### [Problem to work on]
Please write out the whole listing that follows exactly; the pictures stay out.

------------------------------------------------------------

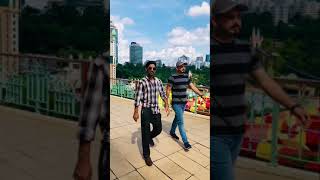 Vikram or Bala Attitude dialogue | Gunday Movie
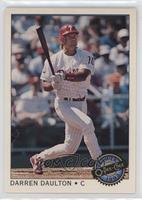 Darren Daulton [Good to VG‑EX]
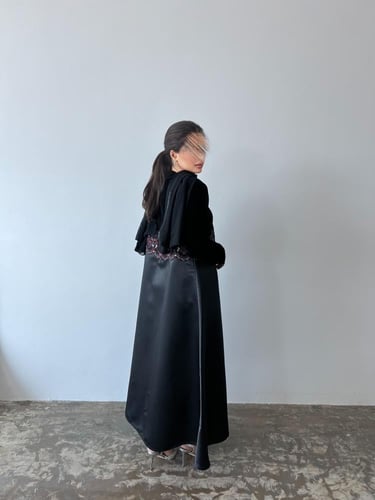 عباية سُهاد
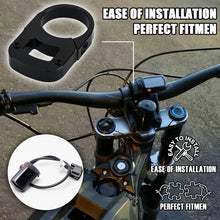 Load image into Gallery viewer, Digital Display Relocation Bracket Kit For Sur Ron X Light Bee for Segway X260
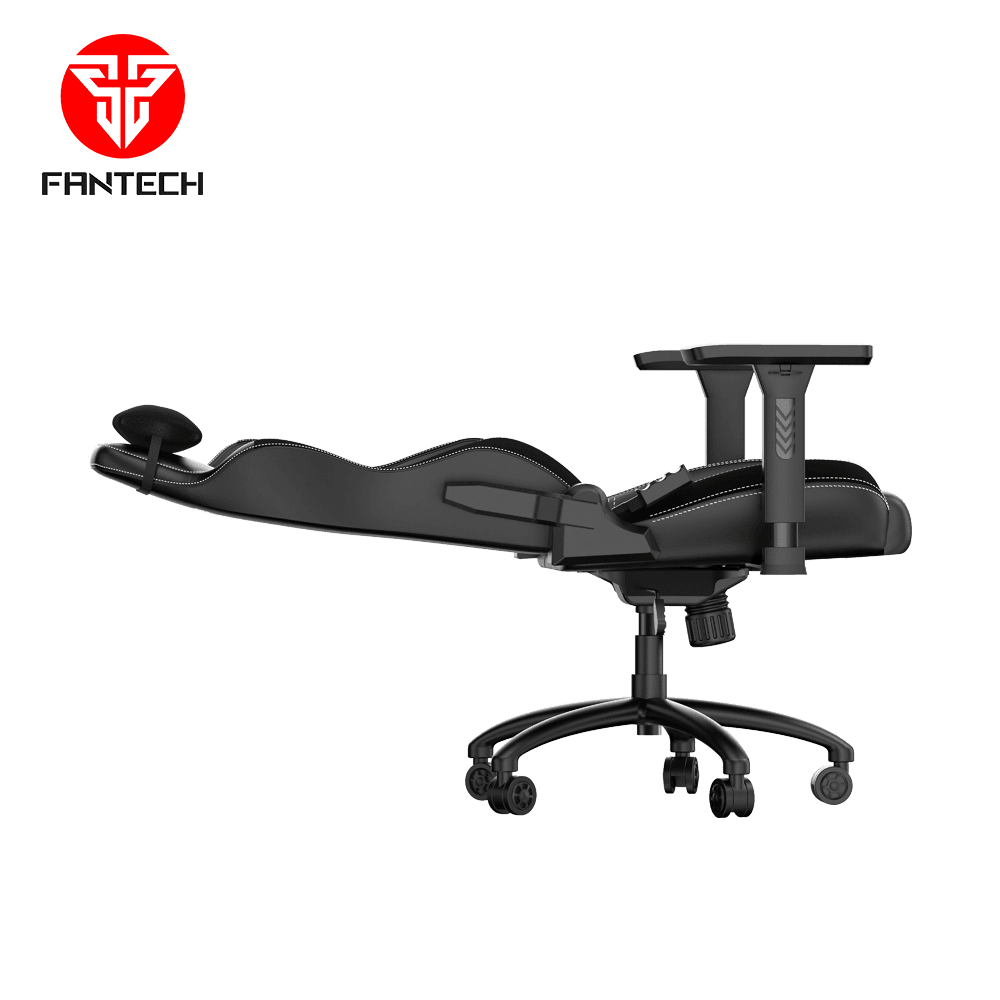 Stolica Gaming Fantech Ledare Gc-192 Crna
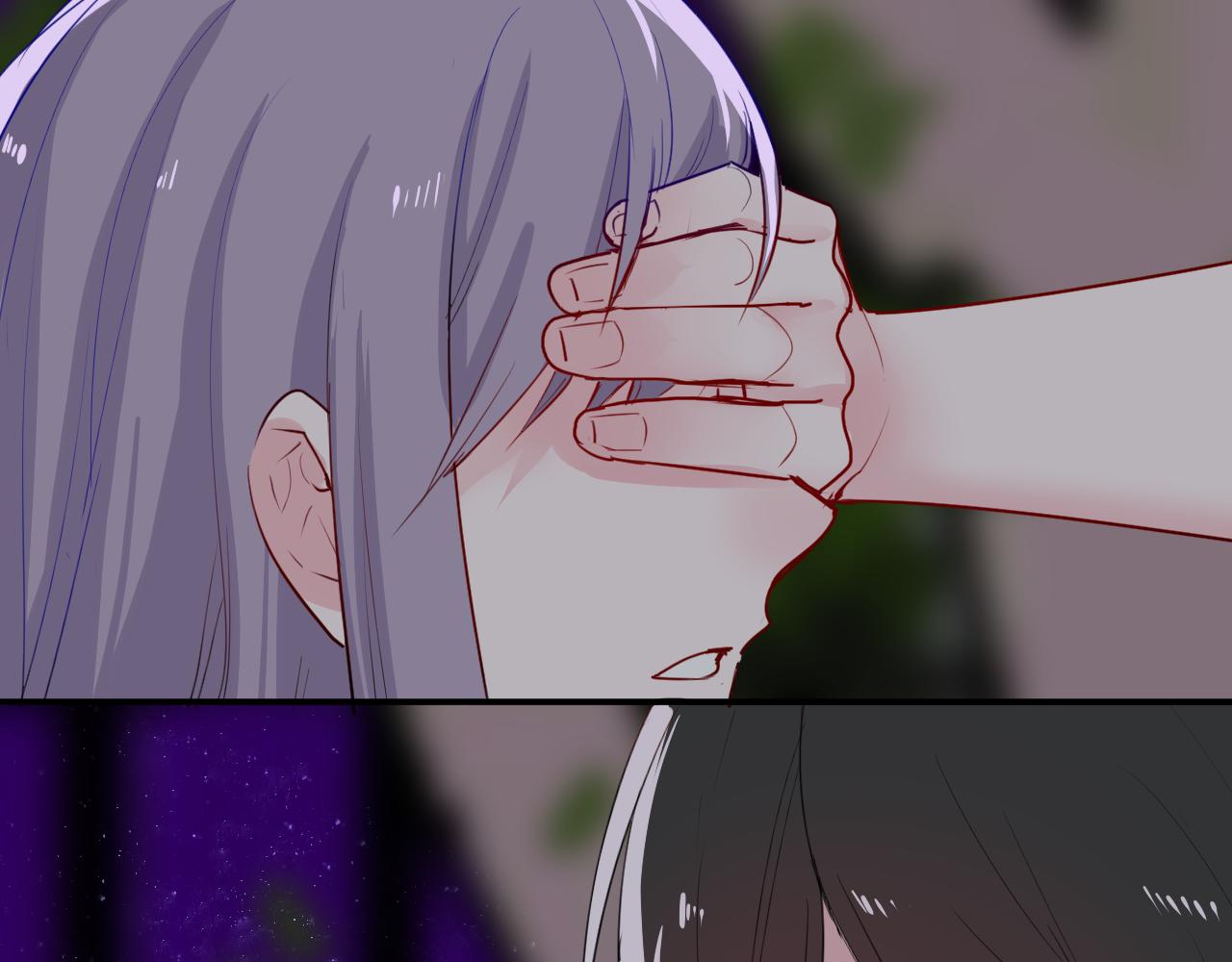 第34话 拿你怎么办才好(1/2)-第34话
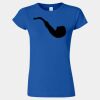Softstyle® Women’s T-Shirt Thumbnail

------------------------------------------------------------

### [Answer to this exercise]
 Vikram or Bala Attitude dialogue | Gunday Movie
 Darren Daulton [Good to VG‑EX]
 عباية سُهاد
 Load image into Gallery viewer, Digital Display Relocation Bracket Kit For Sur Ron X Light Bee for Segway X260
 Stolica Gaming Fantech Ledare Gc-192 Crna
 第34话 拿你怎么办才好(1/2)-第34话
Softstyle® Women’s T-Shirt Thumbnail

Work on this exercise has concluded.